How to Scrape Medium Articles Using Python for Data Analysis

SwiftProxy
By - Emily Chan
2025-02-14 15:10:29

How to Scrape Medium Articles Using Python for Data Analysis

When it comes to extracting valuable insights from Medium, scraping articles can be an effective approach. Whether you're analyzing trends, evaluating content quality, or tracking your favorite authors, Python simplifies this process. Let's explore how to scrape data from a Medium article efficiently.

Why Scrape Medium

Medium has a wealth of information—stories, insights, tutorials, and more. But how do you harness this data for research or personal projects? Python offers a simple and effective way to gather content like article titles, author names, publication dates, and the full text body.

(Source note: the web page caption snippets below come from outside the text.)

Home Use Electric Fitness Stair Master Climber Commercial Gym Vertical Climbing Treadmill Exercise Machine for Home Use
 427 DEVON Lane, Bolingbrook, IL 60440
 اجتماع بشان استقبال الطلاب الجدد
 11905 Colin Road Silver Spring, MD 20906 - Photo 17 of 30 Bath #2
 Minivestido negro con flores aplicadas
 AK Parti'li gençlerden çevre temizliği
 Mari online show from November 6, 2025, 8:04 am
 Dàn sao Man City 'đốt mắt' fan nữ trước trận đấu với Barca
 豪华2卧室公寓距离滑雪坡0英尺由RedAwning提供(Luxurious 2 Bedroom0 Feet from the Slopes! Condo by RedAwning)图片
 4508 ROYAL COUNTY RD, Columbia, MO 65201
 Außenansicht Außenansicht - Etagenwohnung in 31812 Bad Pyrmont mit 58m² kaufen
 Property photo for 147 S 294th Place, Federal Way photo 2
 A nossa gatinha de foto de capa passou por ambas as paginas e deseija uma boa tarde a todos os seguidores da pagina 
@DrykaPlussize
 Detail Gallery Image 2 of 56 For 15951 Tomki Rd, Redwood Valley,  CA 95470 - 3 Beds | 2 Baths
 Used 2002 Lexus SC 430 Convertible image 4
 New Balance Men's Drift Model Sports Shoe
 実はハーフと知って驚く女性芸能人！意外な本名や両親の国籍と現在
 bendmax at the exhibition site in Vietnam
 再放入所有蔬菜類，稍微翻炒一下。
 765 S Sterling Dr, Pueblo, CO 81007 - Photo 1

Step 1: Setting Up Your Environment

Before we get into the code, let's install the necessary libraries. These will help us send requests, parse HTML, and save data in a readable format:

pip install requests  
pip install lxml  
pip install pandas

These tools are essential for scraping data efficiently. Here's a quick breakdown of their roles:

· Requests: Handles sending HTTP requests to Medium.

· lxml: Parses HTML content from the response.

· Pandas: Helps store and organize the extracted data, saving it into CSV files.

Step 2: Handling Medium's Anti-Scraping Measures

Medium doesn't make scraping easy. It uses bot detection mechanisms to block unauthorized access. To avoid being flagged, you'll need to use headers that mimic a real browser request, and in some cases, proxies to rotate IP addresses.

Crafting the Perfect Headers

Headers are key to simulating a legitimate browser request. This is what Medium looks for to ensure you're not a bot. Here's an example of headers you should use:

headers = {
    'accept': 'text/html,application/xhtml+xml,application/xml;q=0.9,image/avif,image/webp,image/apng,*/*;q=0.8,application/signed-exchange;v=b3;q=0.7',
    'accept-language': 'en-IN,en;q=0.9',
    'cache-control': 'no-cache',
    'dnt': '1',
    'pragma': 'no-cache',
    'user-agent': 'Mozilla/5.0 (X11; Linux x86_64) AppleWebKit/537.36 (KHTML, like Gecko) Chrome/129.0.0.0 Safari/537.36',
}

These headers ensure that your request looks like it's coming from a legitimate user.

Using Proxies to Avoid Blocking

Proxies are another line of defense. They mask your real IP address, making it harder for Medium to detect multiple requests from the same source. Here's an example of how to set up a proxy:

proxies = {
    'http': 'IP:PORT',
    'https': 'IP:PORT'
}

Rotate your IP periodically to prevent Medium from blocking you.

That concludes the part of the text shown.